The OSCE sponsored a round of negotiations between the Presidents of Armenia and Azerbaijan in April 2001. U. S. Secretary of State Colin Powell opened the talks, and negotiations continued with mediators from the U. S., Russia, and France.
October 2006: Following Azerbaijan’s threat to bring the Karabakh matter before the UN General Assembly, the foreign ministers met in Moscow to resume peace talks.
Since 2008: High-level meetings between Armenia and Azerbaijan have continued. The Minsk Group Co-Chairmen have consulted with and brought Azerbaijani President Aliyev and Armenian Prime Minister Sargsyan together. Russian President Medvedev has also met with them no less than nine times since taking office.
Azerbaijan increases military budget
Azerbaijan, underlining that its patience with a frozen negotiating process is not endless, stated that it had increased its military spending by 53% over 2007-08.
A ceasefire violation in March 2008 reportedly left four Azeri soldiers dead and several Armenian troops wounded. Azerbaijan and Armenia each blamed the other for the outbreak. This was the worst ceasefire violation in more than a decade.
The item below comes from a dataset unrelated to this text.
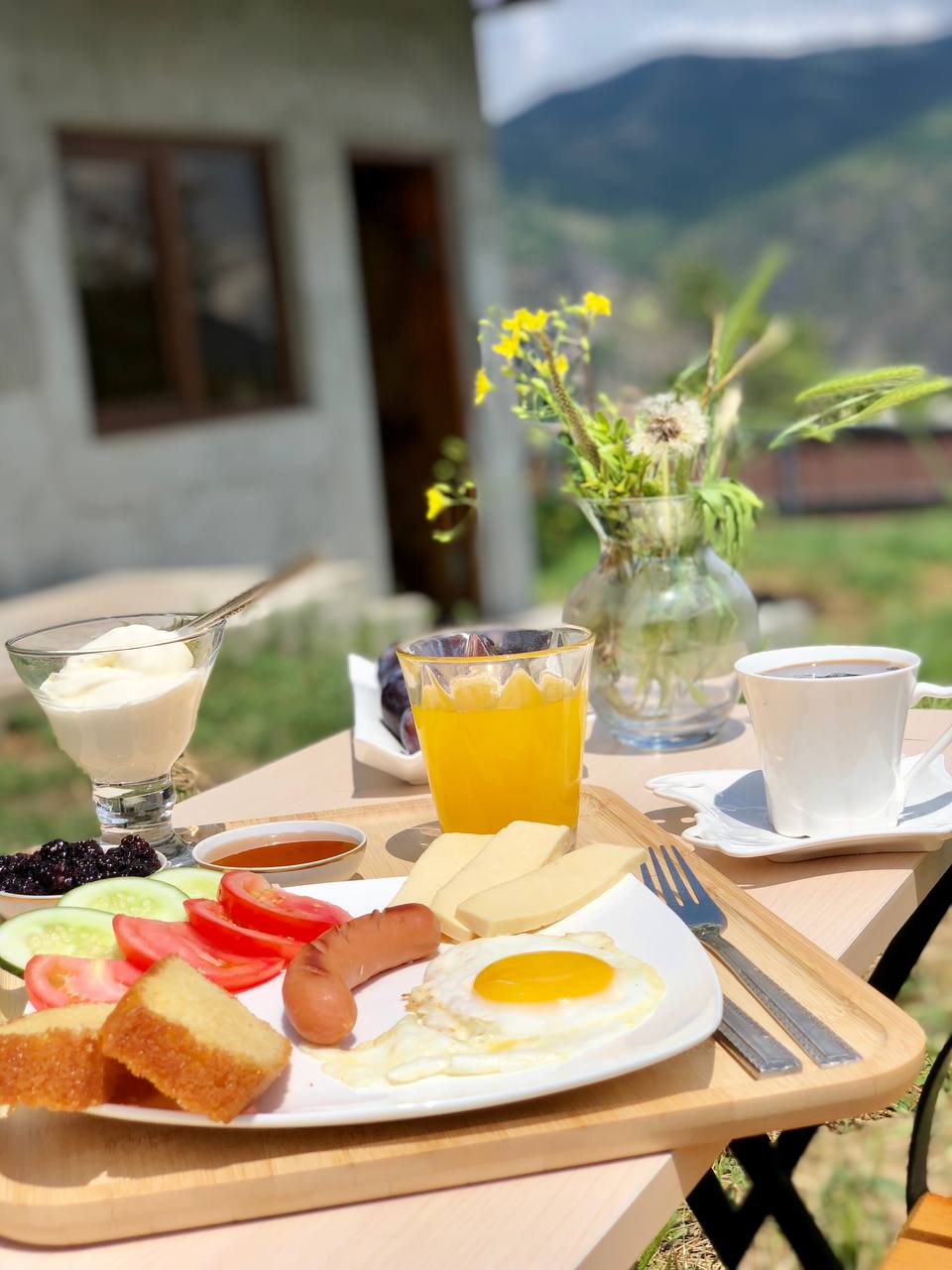 VaLiVa Sanahin Guest House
Armenia and Turkey reached a landmark agreement in October 2009 to establish relations. Turkey subsequently stated that it would only implement the agreement if Armenia shows flexibility in its negotiations with Azerbaijan on Nagorno-Karabakh.
Presidents Medvedev, Obama, and Sarkozy urged the two leaders to finalize and endorse the Basic Principles as a framework for a comprehensive peace settlement in their May 26, 2011 joint statement in Deauville, France.